Task goal: Beginning with the first line of the entries below, quote each line until you reach and include the line with "Free Selection Teljes".

Exercise materials:
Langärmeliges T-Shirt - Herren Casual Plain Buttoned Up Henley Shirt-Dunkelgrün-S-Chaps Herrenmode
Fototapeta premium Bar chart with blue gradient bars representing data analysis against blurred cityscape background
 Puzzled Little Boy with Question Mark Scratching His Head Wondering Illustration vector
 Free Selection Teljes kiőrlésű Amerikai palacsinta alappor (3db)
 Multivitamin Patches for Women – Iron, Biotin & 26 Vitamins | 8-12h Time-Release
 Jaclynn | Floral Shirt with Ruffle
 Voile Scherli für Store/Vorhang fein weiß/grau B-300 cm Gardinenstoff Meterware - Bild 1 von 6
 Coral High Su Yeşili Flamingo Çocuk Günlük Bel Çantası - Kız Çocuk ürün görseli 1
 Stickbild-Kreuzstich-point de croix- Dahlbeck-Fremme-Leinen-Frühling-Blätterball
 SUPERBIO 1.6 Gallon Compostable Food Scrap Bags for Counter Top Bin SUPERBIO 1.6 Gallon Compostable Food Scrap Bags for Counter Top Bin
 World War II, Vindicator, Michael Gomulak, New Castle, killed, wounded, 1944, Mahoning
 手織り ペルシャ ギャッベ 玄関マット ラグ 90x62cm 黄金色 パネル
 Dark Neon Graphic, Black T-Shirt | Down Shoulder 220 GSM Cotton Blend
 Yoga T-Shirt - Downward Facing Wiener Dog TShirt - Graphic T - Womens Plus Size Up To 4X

Response area:
Langärmeliges T-Shirt - Herren Casual Plain Buttoned Up Henley Shirt-Dunkelgrün-S-Chaps Herrenmode
Fototapeta premium Bar chart with blue gradient bars representing data analysis against blurred cityscape background
 Puzzled Little Boy with Question Mark Scratching His Head Wondering Illustration vector
 Free Selection Teljes kiőrlésű Amerikai palacsinta alappor (3db)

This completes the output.